Sedevacantism () is a doctrinal position within traditionalist Catholicism, which holds that the present occupier of the Holy See is not a valid pope due to the "Pope's" espousal of one or more heresies and that, for lack of a valid pope, the See of Rome is vacant.

The term sedevacantism is derived from the Latin phrase sede vacante, which means "with the chair [i.e. of the Bishop of Rome] being vacant". The phrase is commonly used to refer specifically to a vacancy of the Holy See from the Pope's death or  resignation, to the election of his successor.

Among sedevacantists, some chose to end the vacancy in the Holy See by electing their own pope; hence, they are more appropriately called conclavists.
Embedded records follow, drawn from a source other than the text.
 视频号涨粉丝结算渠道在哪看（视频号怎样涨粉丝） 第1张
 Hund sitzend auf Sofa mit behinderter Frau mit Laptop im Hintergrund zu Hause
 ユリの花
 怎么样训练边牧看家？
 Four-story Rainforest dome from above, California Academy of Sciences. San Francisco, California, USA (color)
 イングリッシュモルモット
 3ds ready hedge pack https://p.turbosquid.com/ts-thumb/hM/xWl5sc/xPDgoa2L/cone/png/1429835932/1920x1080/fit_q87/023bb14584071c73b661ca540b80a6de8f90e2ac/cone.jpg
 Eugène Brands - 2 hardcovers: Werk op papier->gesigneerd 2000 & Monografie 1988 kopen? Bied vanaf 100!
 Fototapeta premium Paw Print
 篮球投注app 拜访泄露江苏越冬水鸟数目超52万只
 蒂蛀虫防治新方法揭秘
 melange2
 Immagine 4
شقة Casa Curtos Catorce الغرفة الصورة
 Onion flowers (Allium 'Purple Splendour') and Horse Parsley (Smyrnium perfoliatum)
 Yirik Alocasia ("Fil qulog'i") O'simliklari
The number of sedevacantists is unknown and difficult to measure; estimates range from tens of thousands to hundreds of thousands.

Positions

Origin 
Sedevacantism owes its origins to the rejection of the theological and disciplinary changes implemented following the Second Vatican Council (1962–65). Sedevacantists reject this Council, on the basis of their interpretation of its documents on ecumenism and religious liberty, among others, which they see as contradicting the traditional teachings of the Catholic Church and as denying the unique mission of Catholicism as the one true religion, outside of which there is no salvation. They also say that new disciplinary norms, such as the Mass of Paul VI, promulgated on 3 April 1969, undermine or conflict with the historical Catholic faith and are deemed blasphemous, while post-Vatican II teachings, particularly those related to ecumenism, are labelled heresies. They conclude, on the basis of their rejection of the revised Mass rite and of postconciliar church teaching as false, that the popes involved are also false. Among even traditionalist Catholics, this is a quite divisive question.
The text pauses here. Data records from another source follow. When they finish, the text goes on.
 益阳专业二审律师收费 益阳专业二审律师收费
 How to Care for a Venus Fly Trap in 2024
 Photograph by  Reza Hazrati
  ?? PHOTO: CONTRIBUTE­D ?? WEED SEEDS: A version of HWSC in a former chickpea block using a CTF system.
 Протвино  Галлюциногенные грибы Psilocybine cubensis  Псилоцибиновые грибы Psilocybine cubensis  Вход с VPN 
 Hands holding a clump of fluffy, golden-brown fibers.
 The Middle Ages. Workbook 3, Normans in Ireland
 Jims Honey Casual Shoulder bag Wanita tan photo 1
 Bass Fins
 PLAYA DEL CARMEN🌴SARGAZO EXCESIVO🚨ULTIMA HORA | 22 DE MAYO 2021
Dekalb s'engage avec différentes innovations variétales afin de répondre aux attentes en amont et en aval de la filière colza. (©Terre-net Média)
Traditionalist Catholics other than sedevacantists recognize as legitimate the line of popes leading to and including Pope Francis. Sedevacantists, however, claim that the infallible Magisterium of the Catholic Church could not have decreed the changes made in the name of the Second Vatican Council, and conclude that those who issued these changes could not have been acting with the authority of the Catholic Church. Accordingly, they hold that Pope John XXIII and his successors left the true Catholic Church and thus lost legitimate authority in the church. A formal heretic, they say, cannot be the Catholic pope.

Justification 
While Sedevacantists' arguments often hinge on their interpretation of modernism as being a heresy, this is also debated.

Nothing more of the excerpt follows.